Data for processing »
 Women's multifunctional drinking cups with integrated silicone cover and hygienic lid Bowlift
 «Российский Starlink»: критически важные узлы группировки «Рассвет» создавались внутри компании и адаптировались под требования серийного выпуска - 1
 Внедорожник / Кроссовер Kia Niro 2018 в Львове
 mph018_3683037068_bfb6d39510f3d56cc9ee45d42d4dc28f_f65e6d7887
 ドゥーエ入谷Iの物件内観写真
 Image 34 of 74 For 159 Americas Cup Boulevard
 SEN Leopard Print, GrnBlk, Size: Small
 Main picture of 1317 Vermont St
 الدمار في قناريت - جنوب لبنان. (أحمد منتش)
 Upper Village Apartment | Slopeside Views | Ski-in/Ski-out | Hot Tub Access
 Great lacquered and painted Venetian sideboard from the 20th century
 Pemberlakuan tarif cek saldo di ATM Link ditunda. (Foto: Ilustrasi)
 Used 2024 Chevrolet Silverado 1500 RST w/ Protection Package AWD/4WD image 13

Exercise aim » After locating the line with "mph018_3683037068_bfb6d39510f3d56cc9ee45d42d4dc28f_f65e6d7887", please repeat it and every line after it exactly, through the end of the data above.

Expected answer »
 mph018_3683037068_bfb6d39510f3d56cc9ee45d42d4dc28f_f65e6d7887
 ドゥーエ入谷Iの物件内観写真
 Image 34 of 74 For 159 Americas Cup Boulevard
 SEN Leopard Print, GrnBlk, Size: Small
 Main picture of 1317 Vermont St
 الدمار في قناريت - جنوب لبنان. (أحمد منتش)
 Upper Village Apartment | Slopeside Views | Ski-in/Ski-out | Hot Tub Access
 Great lacquered and painted Venetian sideboard from the 20th century
 Pemberlakuan tarif cek saldo di ATM Link ditunda. (Foto: Ilustrasi)
 Used 2024 Chevrolet Silverado 1500 RST w/ Protection Package AWD/4WD image 13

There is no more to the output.